Got it! Thanks for that explanation in layman's terms. It made it much easier for me to follow! Sometimes when I wake up and see technical stuff right away, my brain doesn't always follow it at once! :) How is your brother doing in his misson in the Peace Corps?

@jhimmel is doing well last I spoke to him! We went over how to convert SBD into STEEM into VESTS (Power).

Nice! I've been doing that lately as well! I looked for a post from him a few days ago. Will check in a few minutes to see if there any posts. Thanks for the update!

Hope GitHub won't develop into more rigid, closed platform.

Congratulations! Your post has been selected as a daily Steemit truffle! It is listed on rank 10 of all contributions awarded today. You can find the TOP DAILY TRUFFLE PICKS HERE.

I upvoted your contribution because to my mind your post is at least 18 SBD worth and should receive 99 votes. It's now up to the lovely Steemit community to make this come true.

I am TrufflePig, an Artificial Intelligence Bot that helps minnows and content curators using Machine Learning. If you are curious how I select content, you can find an explanation here!

Have a nice day and sincerely yours,
trufflepig
TrufflePig

Very unusual acquisition by Microsoft. Unless they are going into more decentralized waters themselves or have some hidden agenda, I don't get it.

Congratulations @dhimmel!
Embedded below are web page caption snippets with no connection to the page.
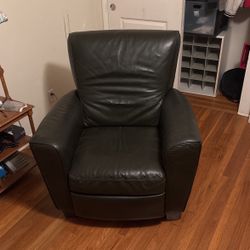 Natuzzi Reclining Arm Chair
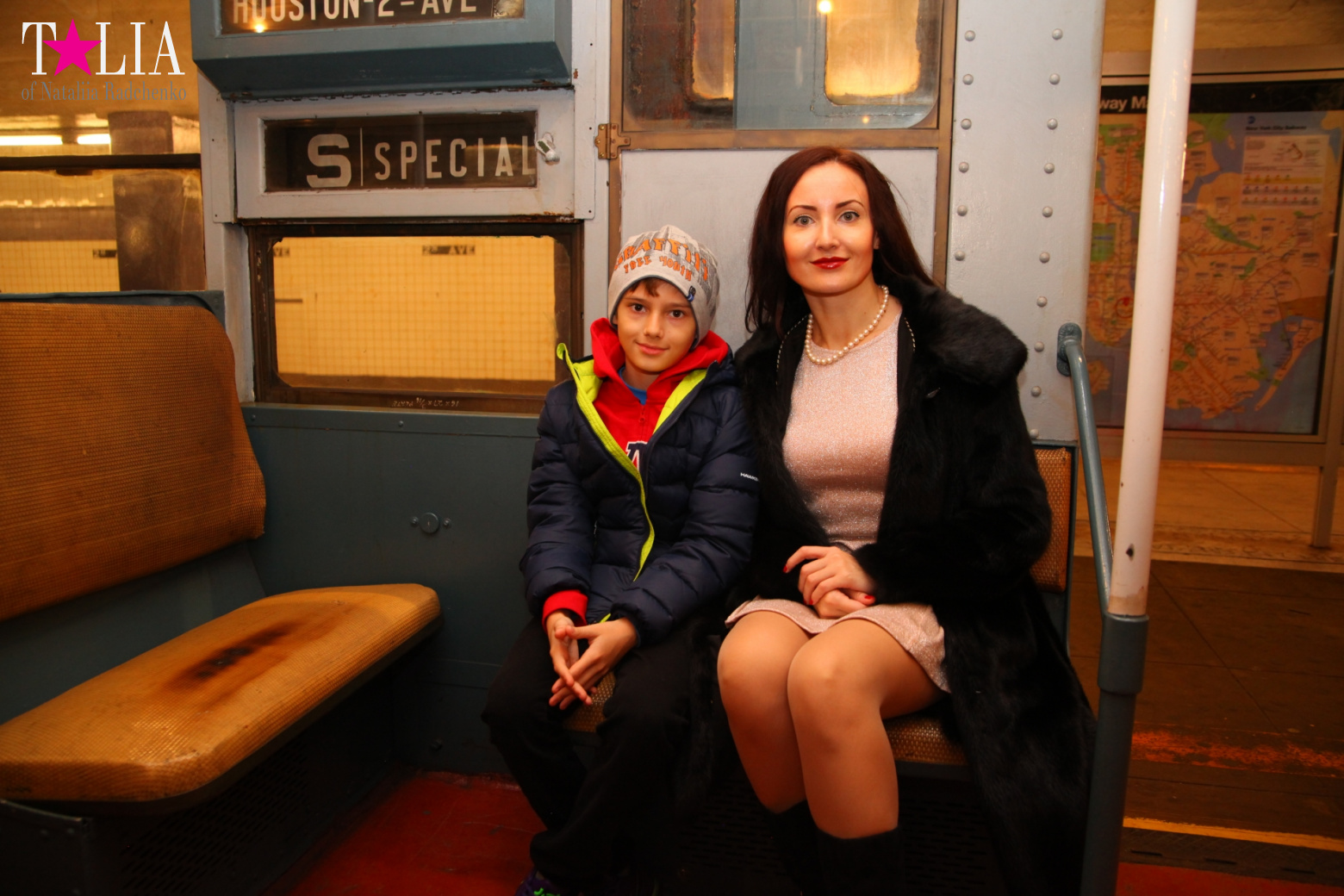 The Holiday Nostalgia Train in New York 2016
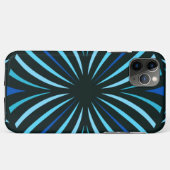 Blue Kaleidoscoop Case-Mate iPhone Case (Achterkant (horizontaal))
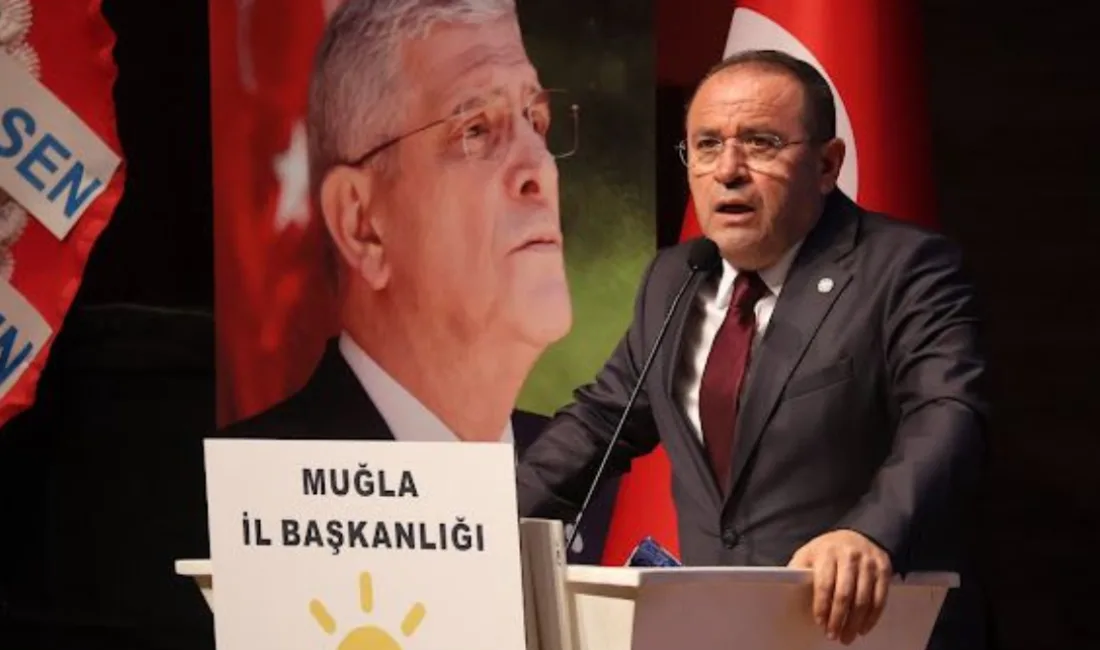 İYİ Parti Muğla İl Başkanı Davut Cumhur Akmeşe, 1 Mayıs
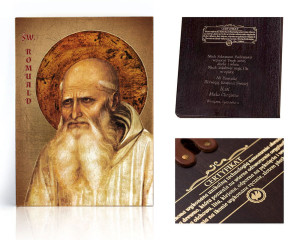Ikona religijna Święty Romuald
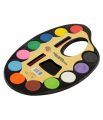 Water colors - Water paints - 12 color - Brush included.. 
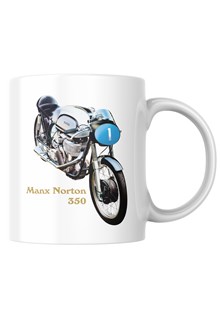Manx Norton 350 Mug
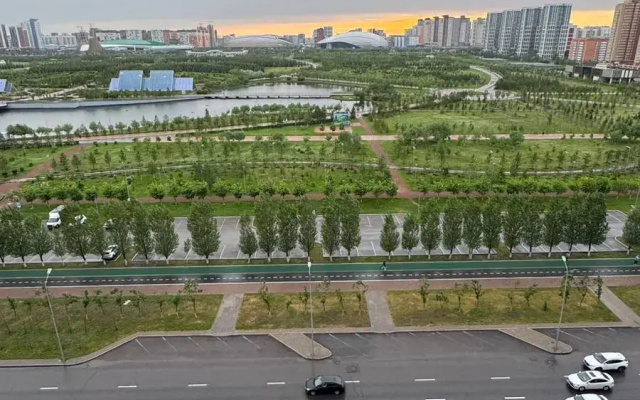 Apart-' Yes, apartments by botanical garden
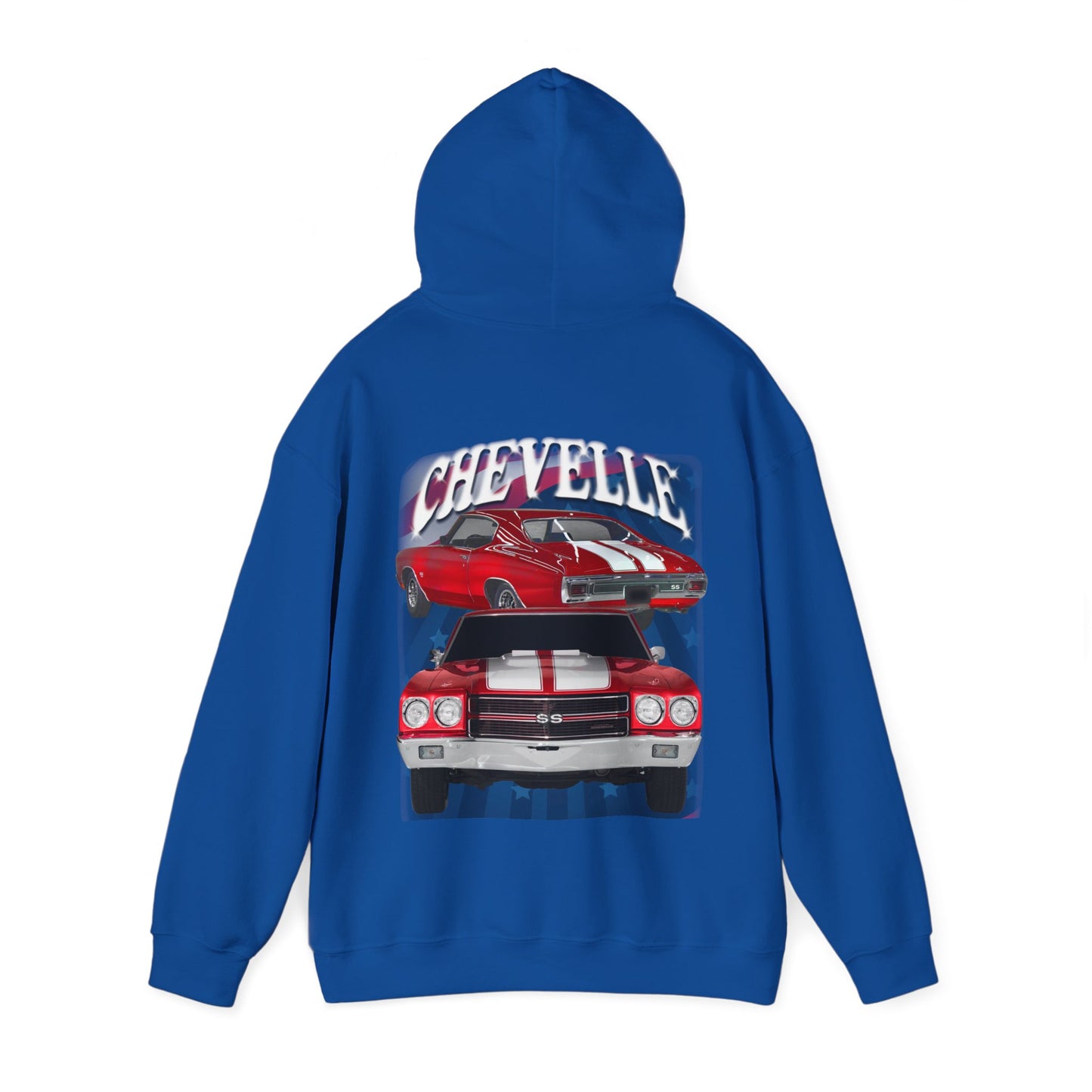 Red white stripes 1970 Chevelle hoodie Car Guy Gift,nova,corvette,classic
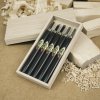Set of Carving Mini-Chisels SAKURA Nihon - 5 Pieces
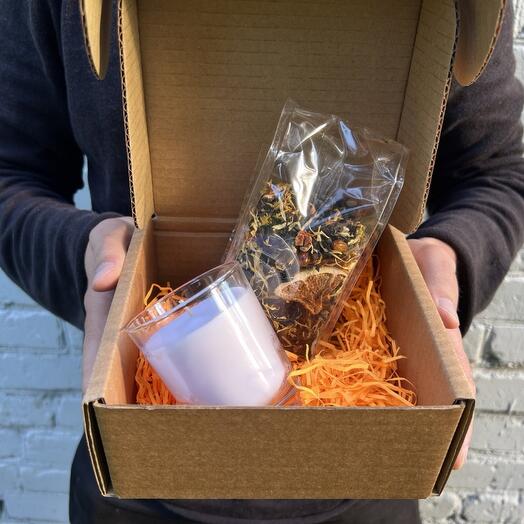 Подарочный набор "Уютное чаепитие"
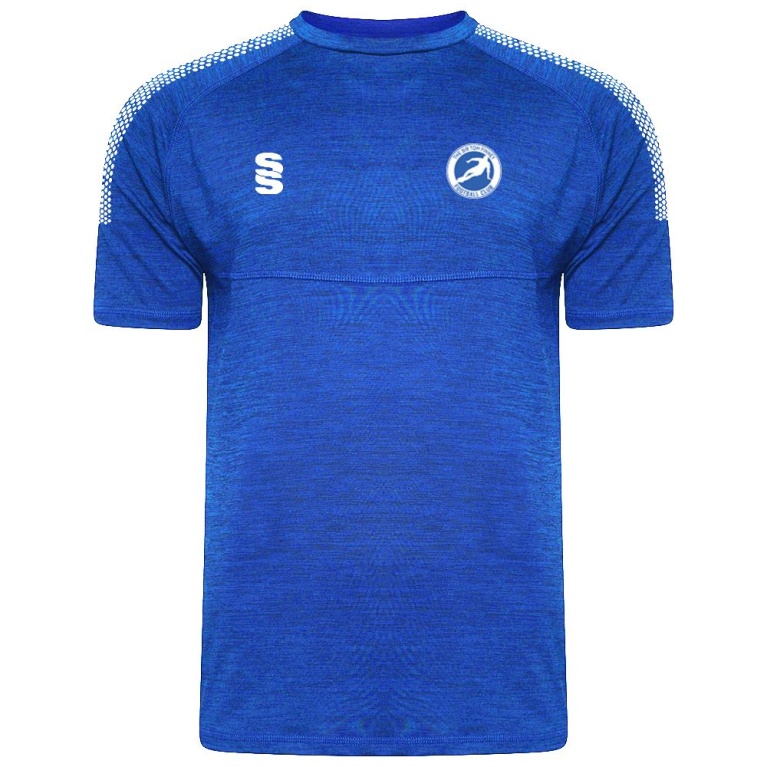 Sir Tom Finney Dual training shirt Royal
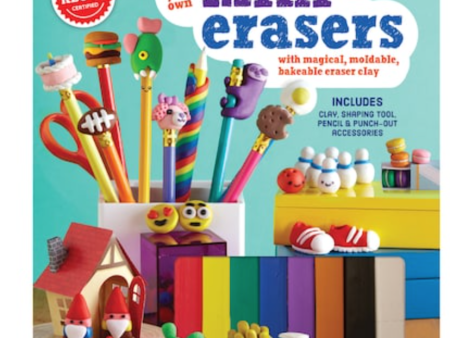 Klutz make your own mini  eraser on Sale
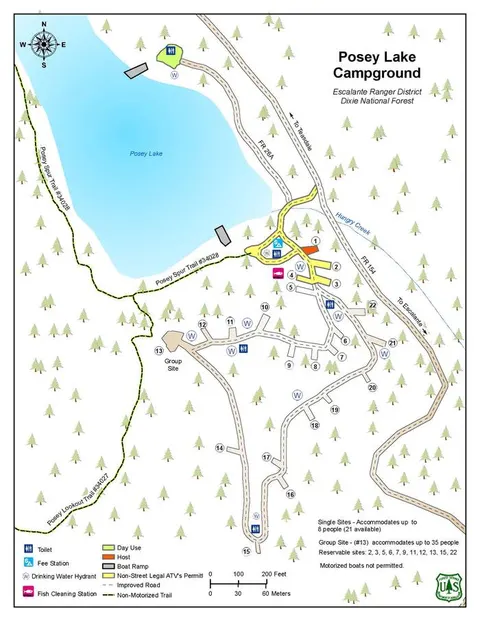 Campground Map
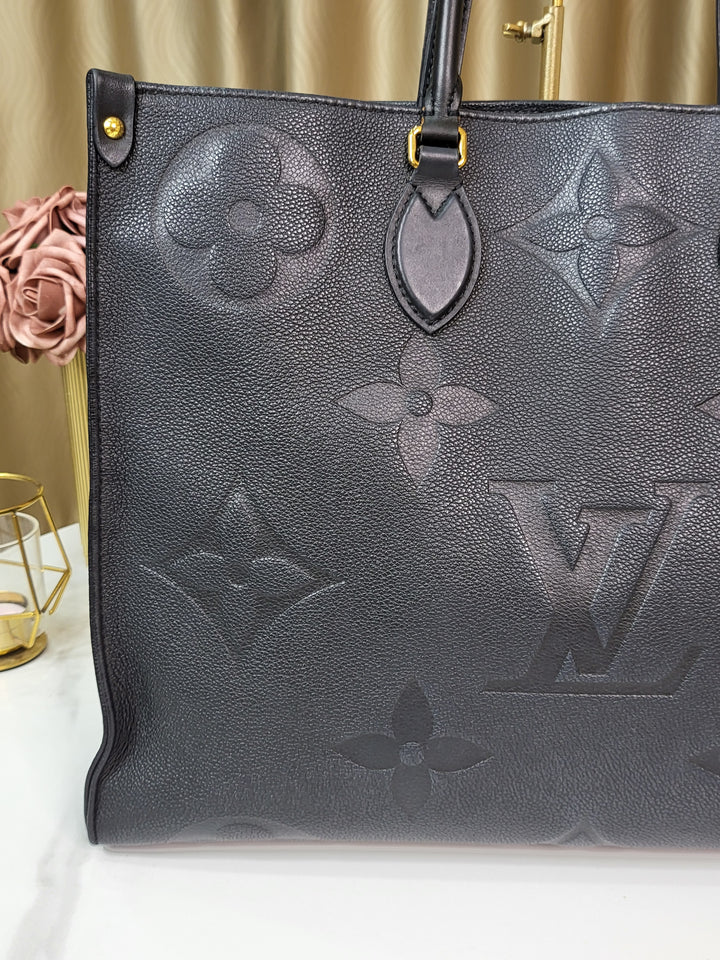 Louis Vuitton Empreinte On The Go GM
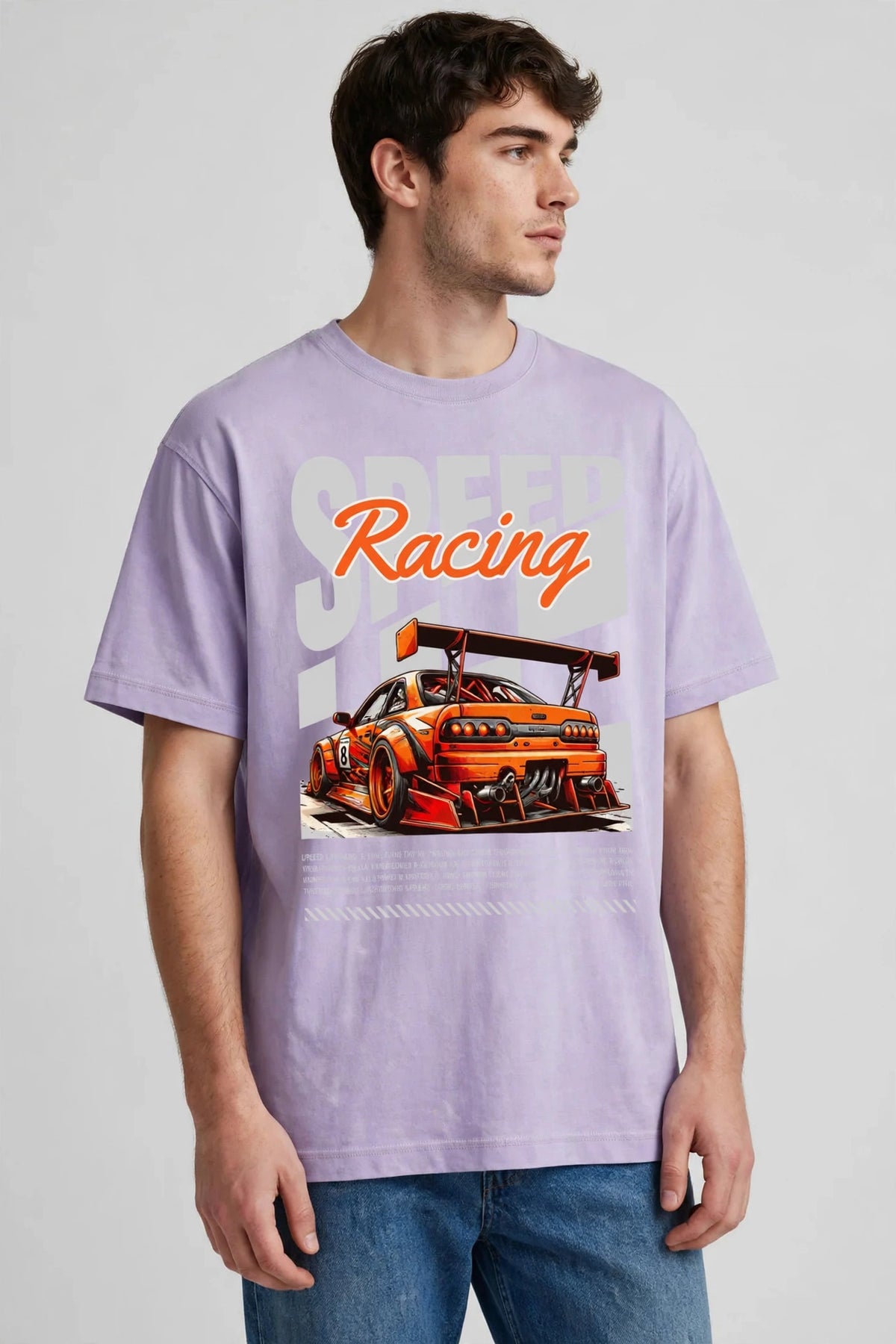 Printed Oversized T-Shirt For Men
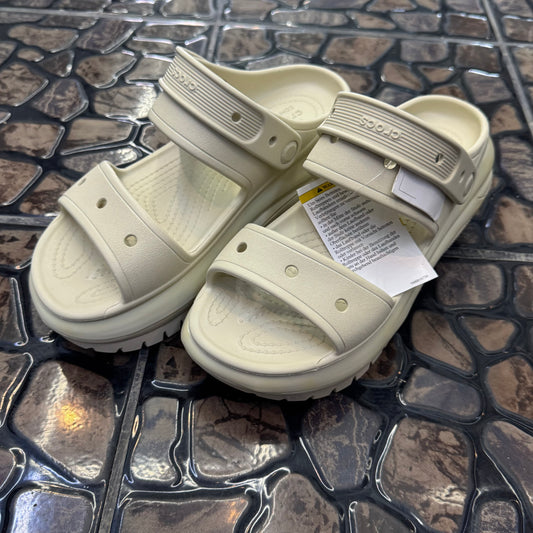 Crocs Mega Crush Sandal Bone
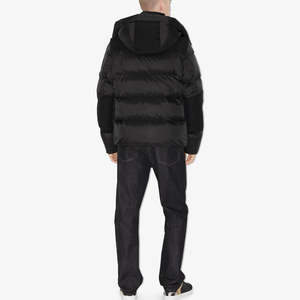 Veste matelassée pour homme Veste d'hiver surdimensionnée épaisse et chaude Bouffée pour homme Veste d'hiver pour homme - Product Image 3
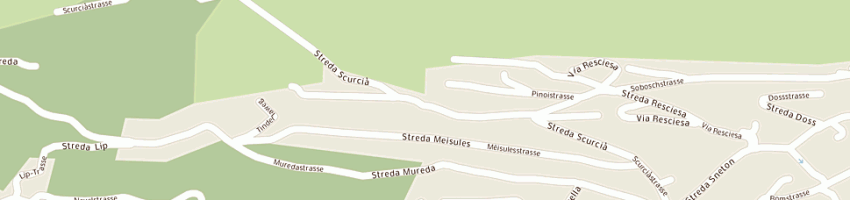 Mappa della impresa prinoth helmut a ORTISEI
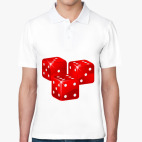 Мужская рубашка поло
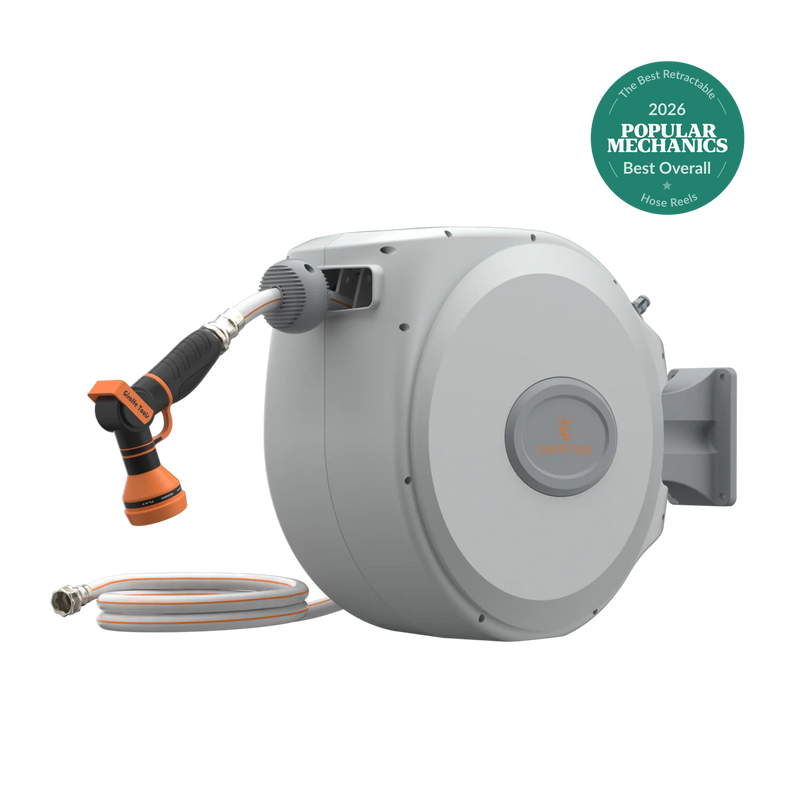 Load image into Gallery viewer, Retractable Garden Hose Reel-5/8 in-65ft
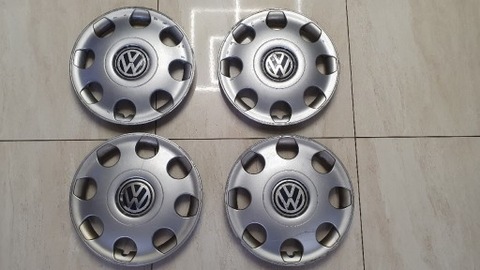 ORIGINAL TAPACUBOS VW VOLKSWAGEN 13 INTEGROS LUPO POLO 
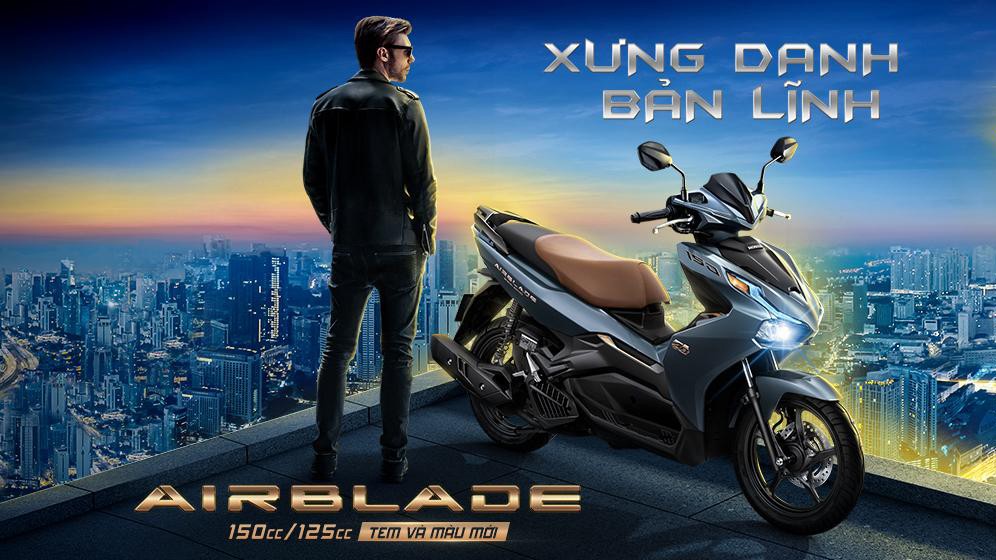 Mua Honda AirBlade 125 trả góp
You have completed some achievement on Steemit and have been rewarded with new badge(s) :

Award for the number of upvotes received

Click on the badge to view your Board of Honor.
If you no longer want to receive notifications, reply to this comment with the word STOP

Do not miss the last post from @steemitboard!


Participate in the SteemitBoard World Cup Contest!
Collect World Cup badges and win free SBD
Support the Gold Sponsors of the contest: @good-karma and @lukestokes


Do you like SteemitBoard's project? Then Vote for its witness and get one more award!

May I call it giant marry another giant. If genetic process is good, they will have baby giant(s). LoL

I think that from June 18 all crypto-currencies will start to rise. Crypto currency has already been printed. My forecast is justified ???